The test animals (N.sub.5, male Wistar-mice, 200-225g) initially obtained 1.5. mu.M isoleucyl-thiazolidine (. tangle-solidup.) in 0.9% saline solution or the same volume of 0.9% saline solution (■) without inhibitor (control, n.sub.5). The experimental group obtained an additional injection of 0.75 μ M/min of inhibitor over the 30 minute experimental period: (^*). The control group was injected with 0.9% non-inhibitor saline solution during the same time interval. All animals were intraduodenally administered a glucose solution (w/v) at a glucose dose of 1g/kg 40% at a start time T ═ 0.

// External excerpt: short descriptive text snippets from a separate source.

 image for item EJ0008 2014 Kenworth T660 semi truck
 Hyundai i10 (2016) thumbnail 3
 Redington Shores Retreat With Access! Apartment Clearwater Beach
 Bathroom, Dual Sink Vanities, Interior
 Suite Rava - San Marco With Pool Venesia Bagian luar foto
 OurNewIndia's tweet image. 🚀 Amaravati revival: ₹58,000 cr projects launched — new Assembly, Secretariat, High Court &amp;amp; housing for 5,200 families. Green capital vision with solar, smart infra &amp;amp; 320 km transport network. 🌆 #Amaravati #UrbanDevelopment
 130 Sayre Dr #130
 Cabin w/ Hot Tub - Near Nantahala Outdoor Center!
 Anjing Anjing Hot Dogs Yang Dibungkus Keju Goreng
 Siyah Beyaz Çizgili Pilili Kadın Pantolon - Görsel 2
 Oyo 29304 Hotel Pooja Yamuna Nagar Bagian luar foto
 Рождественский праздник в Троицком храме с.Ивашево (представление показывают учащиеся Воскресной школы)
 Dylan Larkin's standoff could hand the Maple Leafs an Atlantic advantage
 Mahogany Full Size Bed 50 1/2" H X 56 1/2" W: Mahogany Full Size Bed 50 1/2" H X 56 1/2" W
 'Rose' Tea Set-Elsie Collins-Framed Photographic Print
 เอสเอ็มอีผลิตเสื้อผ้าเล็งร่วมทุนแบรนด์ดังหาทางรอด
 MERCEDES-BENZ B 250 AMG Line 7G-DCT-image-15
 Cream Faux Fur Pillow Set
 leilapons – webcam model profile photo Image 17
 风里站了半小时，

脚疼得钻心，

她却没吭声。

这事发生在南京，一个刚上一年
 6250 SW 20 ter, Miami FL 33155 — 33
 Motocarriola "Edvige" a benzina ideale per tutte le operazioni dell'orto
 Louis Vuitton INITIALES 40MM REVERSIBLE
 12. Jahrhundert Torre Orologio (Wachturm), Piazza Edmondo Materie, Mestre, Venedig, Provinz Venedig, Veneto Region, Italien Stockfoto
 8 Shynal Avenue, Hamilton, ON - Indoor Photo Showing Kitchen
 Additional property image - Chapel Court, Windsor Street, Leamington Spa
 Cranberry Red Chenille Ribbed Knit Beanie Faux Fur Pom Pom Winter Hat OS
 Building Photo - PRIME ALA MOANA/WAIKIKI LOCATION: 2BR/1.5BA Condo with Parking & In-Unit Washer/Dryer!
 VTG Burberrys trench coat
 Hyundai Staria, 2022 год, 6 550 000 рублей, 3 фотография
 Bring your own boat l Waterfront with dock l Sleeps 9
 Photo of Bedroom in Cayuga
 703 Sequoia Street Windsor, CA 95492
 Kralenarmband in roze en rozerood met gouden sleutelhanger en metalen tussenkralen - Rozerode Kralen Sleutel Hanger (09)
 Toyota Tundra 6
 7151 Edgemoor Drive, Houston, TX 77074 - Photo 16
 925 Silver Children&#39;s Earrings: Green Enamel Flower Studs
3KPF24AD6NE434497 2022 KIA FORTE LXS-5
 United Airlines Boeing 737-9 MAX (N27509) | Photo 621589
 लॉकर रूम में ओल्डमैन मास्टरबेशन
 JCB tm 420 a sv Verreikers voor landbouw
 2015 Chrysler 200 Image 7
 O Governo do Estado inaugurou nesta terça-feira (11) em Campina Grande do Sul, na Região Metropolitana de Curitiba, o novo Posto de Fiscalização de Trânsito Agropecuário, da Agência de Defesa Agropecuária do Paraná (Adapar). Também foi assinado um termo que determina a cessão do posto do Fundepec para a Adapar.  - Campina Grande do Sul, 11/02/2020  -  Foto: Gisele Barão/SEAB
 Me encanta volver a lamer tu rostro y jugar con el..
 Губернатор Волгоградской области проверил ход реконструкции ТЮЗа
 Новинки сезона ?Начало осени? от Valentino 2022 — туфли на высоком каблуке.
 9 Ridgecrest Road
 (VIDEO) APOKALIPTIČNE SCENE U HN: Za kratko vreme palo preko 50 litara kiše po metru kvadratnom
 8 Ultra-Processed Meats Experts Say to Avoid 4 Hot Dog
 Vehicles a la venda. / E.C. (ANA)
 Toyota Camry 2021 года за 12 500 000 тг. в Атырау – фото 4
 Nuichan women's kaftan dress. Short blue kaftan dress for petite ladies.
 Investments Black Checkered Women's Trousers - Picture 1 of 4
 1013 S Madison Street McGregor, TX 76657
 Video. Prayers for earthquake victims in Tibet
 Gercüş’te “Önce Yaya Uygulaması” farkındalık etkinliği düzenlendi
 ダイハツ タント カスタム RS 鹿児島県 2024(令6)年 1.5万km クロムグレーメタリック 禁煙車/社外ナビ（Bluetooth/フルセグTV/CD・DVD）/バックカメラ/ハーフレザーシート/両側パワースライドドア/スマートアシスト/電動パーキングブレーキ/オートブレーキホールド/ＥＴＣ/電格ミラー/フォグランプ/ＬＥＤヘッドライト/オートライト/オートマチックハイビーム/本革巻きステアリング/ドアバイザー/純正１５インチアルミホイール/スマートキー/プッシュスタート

Blood samples were collected from all test animals at 10 minute intervals. When the DPIV-activity and insulin concentration in the protoplasts were analyzed, the glucose content was analyzed using whole blood (Lifescan One Touch II analyzer).

The insulin assay employed is sensitive in the range of 10 to 160mU/ml [ PEDERSON, r.a., BUCHAN, a.m.j., ZAHEDI-ASH, s., CHEN, c.b. and BROWN, j.c.reg.peptides.3, (1982) ]. Determination of DPIV-activity by spectroscopic analysis [ deuth, h. -u., and heinsij., catalytic mechanism of dipeptidyl peptidase IV (CD26) in metabolic and immune responses, (b. fleischer, eds.) r.g. landes, biomedical press, Georgetown, 1-35(1995) ]. All data are given as mean plus standard deviation.

Claims (4)

1. Use of an activity inhibiting effector of dipeptidyl peptidase IV or dipeptidyl peptidase IV-like-enzyme activity for the preparation of a medicament for lowering blood glucose levels in the serum of a mammal below glucose concentrations characteristic of hyperglycemia.

2. Use according to claim 1, characterized in that the medicament is for preventing or alleviating the metabolic pathological metamorphosis in mammals: glucosuria, hyperlipidemia, metabolic acidosis and diabetes.

3. Use according to claim 1, wherein the effector capable of inhibiting the activity of dipeptidyl peptidase IV or dipeptidyl peptidase IV-like-enzymes can be an inhibitor of said enzymes, a substrate, a pseudo-substrate, an inhibitor of dipeptidyl peptidase-expressors, a binding protein or antibody to these enzyme proteins, or a combination of said effectors.

4. Use according to claim 1, characterized in that the effector is isoleucyl-thiazolidine.